Of our three specimens, Jarden offers the highest percentages of earnings over current stock price for the current quarter and 2015, where Clorox offers it for the next quarter. At the low end of the scale, Clorox and Jarden reciprocate each other.
• Earnings Growth: For long-term investors this metric is one of the most important to consider, as it denotes the percentage by which earnings are expected to grow or shrink as compared to earnings from corresponding periods a year prior.
For earnings growth, Jarden offers the greatest growth in all time periods, where Clorox offers the slowest growth overall.
• Price Targets: Like earnings estimates above, a company's stock price targets must also be converted into a percentage of its current price to properly compare multiple companies.
For their high, mean and low price targets over the coming 12 months, analysts believe Jarden's stock offers the greatest upside potential and greatest downside risk, while Clorox's stock offers the least upside and Rubbermaid's offers the least downside.

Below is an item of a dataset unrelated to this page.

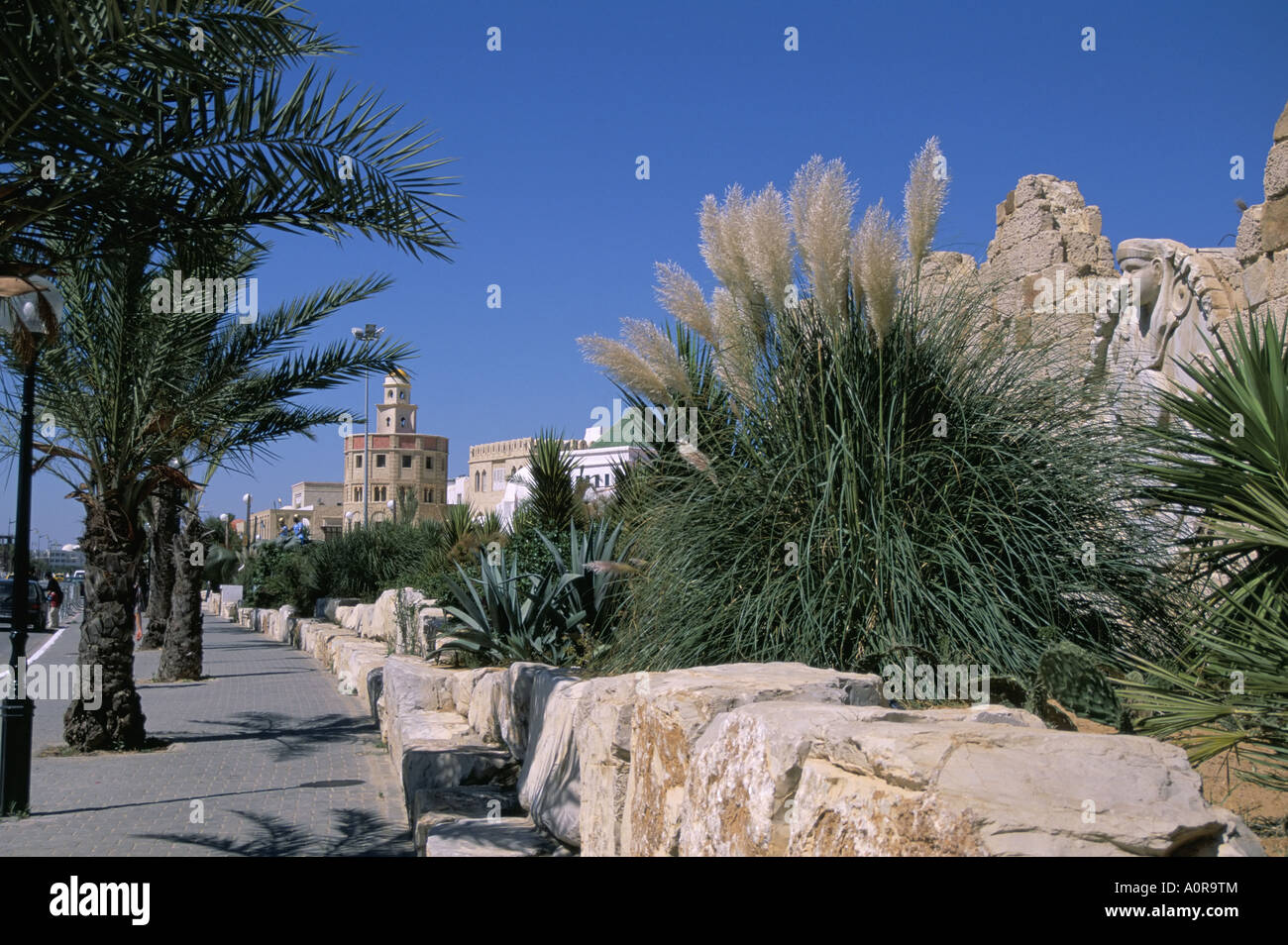 Die Medina Yasmine Hammamet Tunesien Nordafrika Afrika Stockfoto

• Buy/Sell Recommendations: After all is said and done, perhaps the one gauge that sums it all up are analyst recommendations. These have been converted into the percentage of analysts recommending each level. However, I factor only the strong buy and buy recommendations into the ranking. Hold, underperform and sell recommendations are not ranked since they are determined after determining the winners of the strong buy and buy categories, and would only be negating those winners of their duly earned titles.
Of our three contenders, Jarden is best recommended with 6 strong buys and 9 buys representing a combined 88.23% of its 17 analysts, followed by Rubbermaid with 6 strong buy and 8 buy ratings representing 82.35% of its 17 analysts, and lastly by Clorox with 1 strong buy and 0 buy recommendations representing 5.88% of its 17 analysts.

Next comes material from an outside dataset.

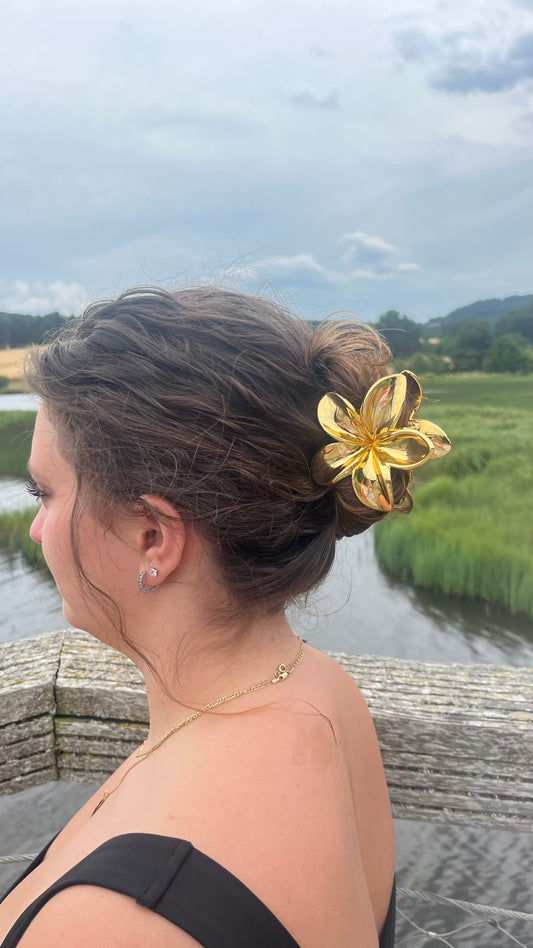 Pinces Hibiscus Gold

Having crunched all the numbers and compared all the projections, the time has come to tally up the wins and losses and rank our three competitors against one another.
In the table below you will find all of the data considered above plus a few others not reviewed. Here is where using a company's market cap as a denominator comes into play, as much of the data in the table has been converted into a percentage of market cap for a fair comparison.
The first and last placed companies are shaded. We then add together each company's finishes to determine its overall ranking, with first place finishes counting as merits while last place finishes count as demerits.
And the winner is… Jarden with a squeaky clean victory, outperforming in 21 metrics and underperforming in 10 for a net score of +11, followed far behind by Rubbermaid, outperforming in 3 metrics and underperforming in 3 for a net score of 0, with Clorox spilled-out on the floor in a distant third, outperforming in 8 metrics and underperforming in 18 for a net score of -10.
Where the Houseware & Accessories industry is expected to outperform the S&P broader market modestly this quarter, underperform significantly next quarter, then outperform substantially in 2015 and moderately beyond, the three largest companies in the space are expected to perform much as they have throughout the recovery, with Clorox under-growing, Rubbermaid improving from underperformance to outperformance, and Jarden outgrowing its peers and the broader S&P average growth rate.
After taking all company fundamentals into account, Jarden Corp provides investors with the most sparkling financials, given its lowest stock price ratios, highest cash and revenue over market cap, highest current ratio, highest trailing revenue and earnings growth, highest EBITDA over market cap, highest future earnings over current stock price overall, highest future earnings growth in all periods, best high and mean price targets, and most strong buy and buy analyst recommendations - decisively winning the Houseware & Accessories industry competition.